|Merchandising the Olympics|
Having lived - and worked in an intellectual property practice - through the Sydney 2000 Olympic Games, it is interesting to see the same issues playing out in London as the 2012 Games approaches (please, no one sue me for using “2012” and “Games” in the same phrase).
There are many articles around which give a detailed look at the issues that face the legal team of the Olympic Committee of a host country, when the Games are almost upon them. First you have to negotiate all those license agreements with the sponsors whose funds make the Games possible; then you have to enforce them. This means everything from watching for sophisticated ambush marketing, to calling the small kebab shop to tell them that they can’t use the Olympic Rings on their sign.
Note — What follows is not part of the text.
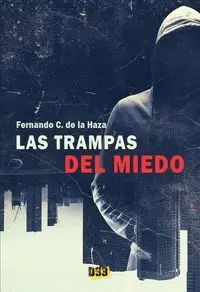 TRAMPAS DEL MIEDO,LAS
Even if they will be selling to Olympic tourists in the Olympic city of summer 2012.
One thing that often surprises the uninitiated is the very draconian levels of protection that are given to Olympic trade marks and logos. For example, the date “2012” is registered in all 45 classes of goods and services as a Community Trade Mark by the IOC. There are strict parameters, strictly enforced, about using “Games”, “London”, and “2012” as well as “Olympic” and the famous coloured rings.
But the truth of the matter is two-fold. Firstly, after the 2012 Games are done and dusted, the registration for “2012” will be worth nothing and will probably languish, as will many other temporary rights.
Secondly, such draconian measures are needed to protect the turf of the people who make the Games possible. No, not the athletes - the sponsors. Since sponsorship became a mainstay around the time of the Los Angeles Olympics, it has become the only way the expensive, slick, wonderful modern Olympics can possibly exist. Yes, host countries contribute enormous amounts, especially to infrastructure which will hopefully be of lasting value to their communities. But without the sponsors, no Games. And without protection for their trademarks, no sponsors.